En 2014, Ahmet Altan répondait à la question «qu’est-ce que le journalisme» par ces mots : «Il y a dans ce métier 99 % de gens lâches et méprisables et 1 % de personnes intègres et courageuses. Et ce 1 % joue un rôle énorme dans la transformation du monde et la transformation de nos vies.»
Voilà le type d’homme qu’est Ahmet Altan, qui risque de passer le reste de ses jours en prison pour des «messages subliminaux», sans avoir eu droit à un procès équitable.
Nous sommes une douzaine de Français à avoir accepté de parrainer des journalistes et auteurs turcs emprisonnés, dans le cadre d’une initiative prise en France par la Société civile des auteurs multimédia (Scam) et le prix Albert-Londres, affirmant : «Le journalisme n’est pas un délit.»

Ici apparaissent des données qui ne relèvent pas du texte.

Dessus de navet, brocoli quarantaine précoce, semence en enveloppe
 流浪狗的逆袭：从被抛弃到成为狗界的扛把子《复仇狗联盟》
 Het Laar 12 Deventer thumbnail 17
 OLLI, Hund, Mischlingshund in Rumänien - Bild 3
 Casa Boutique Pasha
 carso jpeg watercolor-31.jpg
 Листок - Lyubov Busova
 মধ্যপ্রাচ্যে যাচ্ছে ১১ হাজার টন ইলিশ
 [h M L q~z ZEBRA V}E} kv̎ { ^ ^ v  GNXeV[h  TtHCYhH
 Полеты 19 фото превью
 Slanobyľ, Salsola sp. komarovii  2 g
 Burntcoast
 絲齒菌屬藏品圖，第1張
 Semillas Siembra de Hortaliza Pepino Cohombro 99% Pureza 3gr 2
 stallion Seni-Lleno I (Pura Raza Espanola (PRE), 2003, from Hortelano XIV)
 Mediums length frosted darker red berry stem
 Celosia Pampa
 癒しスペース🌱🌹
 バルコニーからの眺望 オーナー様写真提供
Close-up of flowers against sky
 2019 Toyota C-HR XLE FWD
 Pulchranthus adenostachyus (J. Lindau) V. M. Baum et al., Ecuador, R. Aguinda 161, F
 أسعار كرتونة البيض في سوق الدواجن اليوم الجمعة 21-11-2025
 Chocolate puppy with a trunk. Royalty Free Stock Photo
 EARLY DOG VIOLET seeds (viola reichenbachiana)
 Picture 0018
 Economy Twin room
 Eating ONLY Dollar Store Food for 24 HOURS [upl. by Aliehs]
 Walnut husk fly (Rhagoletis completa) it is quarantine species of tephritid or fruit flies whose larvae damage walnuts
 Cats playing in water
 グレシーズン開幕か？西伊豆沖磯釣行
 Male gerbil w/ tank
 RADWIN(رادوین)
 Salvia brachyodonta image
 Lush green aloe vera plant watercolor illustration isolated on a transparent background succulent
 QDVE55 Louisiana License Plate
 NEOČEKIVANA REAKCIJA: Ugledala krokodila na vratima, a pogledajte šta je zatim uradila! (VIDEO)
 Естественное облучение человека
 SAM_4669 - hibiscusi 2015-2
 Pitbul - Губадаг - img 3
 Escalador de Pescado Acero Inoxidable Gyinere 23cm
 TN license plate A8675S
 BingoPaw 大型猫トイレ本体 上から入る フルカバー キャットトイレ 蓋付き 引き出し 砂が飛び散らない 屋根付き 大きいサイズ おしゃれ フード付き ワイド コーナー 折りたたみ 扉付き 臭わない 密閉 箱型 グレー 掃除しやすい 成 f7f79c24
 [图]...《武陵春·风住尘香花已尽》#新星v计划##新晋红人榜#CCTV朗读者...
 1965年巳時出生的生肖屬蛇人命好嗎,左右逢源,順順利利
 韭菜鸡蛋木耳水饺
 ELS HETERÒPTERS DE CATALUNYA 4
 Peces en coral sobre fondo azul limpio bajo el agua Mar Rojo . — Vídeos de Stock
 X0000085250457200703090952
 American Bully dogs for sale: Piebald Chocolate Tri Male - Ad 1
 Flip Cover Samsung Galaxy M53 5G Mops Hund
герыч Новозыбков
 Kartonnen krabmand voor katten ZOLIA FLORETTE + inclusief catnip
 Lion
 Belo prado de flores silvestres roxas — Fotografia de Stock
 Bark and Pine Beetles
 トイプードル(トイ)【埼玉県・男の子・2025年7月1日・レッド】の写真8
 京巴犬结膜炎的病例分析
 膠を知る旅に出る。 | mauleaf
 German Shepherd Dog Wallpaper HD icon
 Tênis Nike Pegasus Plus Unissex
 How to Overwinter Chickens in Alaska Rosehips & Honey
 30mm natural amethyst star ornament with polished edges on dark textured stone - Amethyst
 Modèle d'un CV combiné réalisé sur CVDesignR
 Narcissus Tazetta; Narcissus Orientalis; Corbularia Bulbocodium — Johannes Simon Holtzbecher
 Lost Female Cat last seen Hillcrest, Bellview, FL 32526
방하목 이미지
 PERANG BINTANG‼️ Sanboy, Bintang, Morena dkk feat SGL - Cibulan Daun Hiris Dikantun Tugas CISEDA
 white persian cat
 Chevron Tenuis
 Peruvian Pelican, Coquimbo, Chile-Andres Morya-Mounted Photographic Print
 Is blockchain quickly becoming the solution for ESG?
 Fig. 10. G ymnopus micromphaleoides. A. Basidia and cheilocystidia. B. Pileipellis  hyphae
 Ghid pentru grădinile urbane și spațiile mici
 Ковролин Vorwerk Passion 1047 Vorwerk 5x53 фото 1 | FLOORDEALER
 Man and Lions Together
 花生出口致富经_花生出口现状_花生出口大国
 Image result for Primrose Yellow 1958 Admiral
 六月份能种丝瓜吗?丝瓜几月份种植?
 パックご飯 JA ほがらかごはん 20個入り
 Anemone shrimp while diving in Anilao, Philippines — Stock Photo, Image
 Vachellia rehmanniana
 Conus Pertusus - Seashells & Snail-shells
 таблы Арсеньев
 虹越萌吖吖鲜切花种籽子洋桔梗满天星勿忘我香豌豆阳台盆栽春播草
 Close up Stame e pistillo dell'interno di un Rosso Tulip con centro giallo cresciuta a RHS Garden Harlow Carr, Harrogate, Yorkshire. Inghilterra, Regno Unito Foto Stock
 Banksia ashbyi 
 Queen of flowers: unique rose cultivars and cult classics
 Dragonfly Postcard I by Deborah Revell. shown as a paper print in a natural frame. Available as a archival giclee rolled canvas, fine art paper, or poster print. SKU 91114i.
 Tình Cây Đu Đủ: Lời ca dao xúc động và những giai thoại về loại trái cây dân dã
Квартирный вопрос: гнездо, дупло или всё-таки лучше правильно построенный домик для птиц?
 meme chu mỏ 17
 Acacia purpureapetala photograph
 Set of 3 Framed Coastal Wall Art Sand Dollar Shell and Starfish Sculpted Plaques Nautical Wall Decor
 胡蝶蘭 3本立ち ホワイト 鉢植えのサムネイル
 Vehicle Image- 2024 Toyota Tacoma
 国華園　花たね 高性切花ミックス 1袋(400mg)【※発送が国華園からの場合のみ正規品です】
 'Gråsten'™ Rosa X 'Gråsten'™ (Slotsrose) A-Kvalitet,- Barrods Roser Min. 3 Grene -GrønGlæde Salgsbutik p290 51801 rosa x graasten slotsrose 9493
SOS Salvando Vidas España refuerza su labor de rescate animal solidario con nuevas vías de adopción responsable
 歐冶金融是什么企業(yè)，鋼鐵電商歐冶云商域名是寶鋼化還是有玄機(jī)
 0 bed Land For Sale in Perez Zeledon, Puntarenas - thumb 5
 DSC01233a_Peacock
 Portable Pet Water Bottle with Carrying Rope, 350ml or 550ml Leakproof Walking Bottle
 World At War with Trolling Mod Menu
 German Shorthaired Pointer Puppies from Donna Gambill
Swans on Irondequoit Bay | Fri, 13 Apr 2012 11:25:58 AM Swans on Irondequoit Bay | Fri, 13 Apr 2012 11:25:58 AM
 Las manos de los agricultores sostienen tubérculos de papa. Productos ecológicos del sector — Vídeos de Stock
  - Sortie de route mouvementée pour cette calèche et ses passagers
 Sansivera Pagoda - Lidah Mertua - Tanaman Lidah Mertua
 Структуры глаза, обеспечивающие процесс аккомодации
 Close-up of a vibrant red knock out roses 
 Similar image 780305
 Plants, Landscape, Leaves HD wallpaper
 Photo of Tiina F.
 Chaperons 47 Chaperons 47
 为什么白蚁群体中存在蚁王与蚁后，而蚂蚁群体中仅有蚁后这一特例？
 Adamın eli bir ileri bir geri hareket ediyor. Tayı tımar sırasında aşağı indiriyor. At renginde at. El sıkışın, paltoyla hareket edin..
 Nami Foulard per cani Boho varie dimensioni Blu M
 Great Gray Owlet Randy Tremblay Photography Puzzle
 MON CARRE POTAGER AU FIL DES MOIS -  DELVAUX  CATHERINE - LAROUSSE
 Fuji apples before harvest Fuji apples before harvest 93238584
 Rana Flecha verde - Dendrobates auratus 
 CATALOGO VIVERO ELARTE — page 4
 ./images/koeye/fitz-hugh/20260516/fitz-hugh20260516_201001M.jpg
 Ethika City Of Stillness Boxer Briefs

Laurent Joffrin, le directeur de Libération, parraine pour sa part le frère d’Ahmet Altan, Mehmet Altan, professeur d’économie à l’université d’Istanbul et commentateur politique. Serge July, fondateur de Libération, suit le sort de Kadri Gürsel, un journaliste très respecté en Turquie, éditorialiste au quotidien Cumhuriyet dont tant de journalistes sont eux aussi détenus ou exilés. Autre journaliste de Cumhuriyet, Turhan Günay, 71 ans, responsable du supplément littéraire, arrêté chez lui à l’aube un jour d’octobre 2016, est parrainé, comme il se doit, par Bernard Pivot. Elise Lucet, pour sa part, s’intéresse au sort d’Aysenur Parildak, étudiante en droit de 26 ans et journaliste en herbe, accusée d’être membre d’une «organisation terroriste».
Ahmet Altan figure aussi sur la liste des journalistes dont Reporters sans frontières et le Monde ont demandé la libération dans un appel commun adressé à la Turquie, devenue «la plus grande prison pour journalistes du monde» : nous devons être à leurs côtés.